> **Short descriptive text snippets**:

+ + +

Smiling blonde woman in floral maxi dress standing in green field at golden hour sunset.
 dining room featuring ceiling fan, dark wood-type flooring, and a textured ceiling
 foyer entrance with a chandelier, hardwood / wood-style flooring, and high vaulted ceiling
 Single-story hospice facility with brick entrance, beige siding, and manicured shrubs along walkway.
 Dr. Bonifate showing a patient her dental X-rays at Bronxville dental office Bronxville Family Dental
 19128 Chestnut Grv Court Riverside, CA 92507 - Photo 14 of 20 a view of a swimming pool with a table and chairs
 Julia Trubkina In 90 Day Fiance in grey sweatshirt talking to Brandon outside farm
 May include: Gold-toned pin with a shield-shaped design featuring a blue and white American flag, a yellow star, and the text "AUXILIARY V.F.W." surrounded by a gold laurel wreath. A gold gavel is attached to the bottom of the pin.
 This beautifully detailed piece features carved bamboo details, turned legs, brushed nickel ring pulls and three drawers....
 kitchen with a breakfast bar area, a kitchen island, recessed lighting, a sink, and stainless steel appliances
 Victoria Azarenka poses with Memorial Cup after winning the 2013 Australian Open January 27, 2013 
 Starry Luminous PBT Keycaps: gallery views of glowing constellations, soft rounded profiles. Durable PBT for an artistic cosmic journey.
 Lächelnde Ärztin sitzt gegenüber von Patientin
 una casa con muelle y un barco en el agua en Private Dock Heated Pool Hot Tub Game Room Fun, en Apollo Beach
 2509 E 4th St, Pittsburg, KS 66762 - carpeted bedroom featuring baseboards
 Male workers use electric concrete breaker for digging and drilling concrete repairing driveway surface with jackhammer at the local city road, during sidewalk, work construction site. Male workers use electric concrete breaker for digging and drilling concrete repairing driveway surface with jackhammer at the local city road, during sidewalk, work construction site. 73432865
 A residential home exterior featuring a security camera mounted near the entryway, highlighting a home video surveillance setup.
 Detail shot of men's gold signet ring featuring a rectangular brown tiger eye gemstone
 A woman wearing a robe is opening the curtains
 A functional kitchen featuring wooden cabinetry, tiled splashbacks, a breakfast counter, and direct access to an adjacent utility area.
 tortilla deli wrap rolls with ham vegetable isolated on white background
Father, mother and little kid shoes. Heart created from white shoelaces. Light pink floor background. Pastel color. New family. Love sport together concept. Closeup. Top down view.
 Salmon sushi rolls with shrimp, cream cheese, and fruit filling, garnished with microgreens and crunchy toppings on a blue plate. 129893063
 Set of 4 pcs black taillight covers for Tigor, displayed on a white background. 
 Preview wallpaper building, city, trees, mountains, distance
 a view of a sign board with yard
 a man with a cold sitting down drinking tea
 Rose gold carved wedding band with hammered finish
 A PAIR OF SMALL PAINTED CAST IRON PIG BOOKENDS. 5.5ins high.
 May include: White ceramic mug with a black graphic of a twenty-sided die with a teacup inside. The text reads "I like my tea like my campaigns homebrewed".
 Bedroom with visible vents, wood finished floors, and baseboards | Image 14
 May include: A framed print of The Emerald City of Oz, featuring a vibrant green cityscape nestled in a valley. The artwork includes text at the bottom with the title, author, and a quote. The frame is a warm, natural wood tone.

+ + +

> **Required work**: Show all lines above that contain "carved".

> **Solved problem**:
 This beautifully detailed piece features carved bamboo details, turned legs, brushed nickel ring pulls and three drawers....
 Rose gold carved wedding band with hammered finish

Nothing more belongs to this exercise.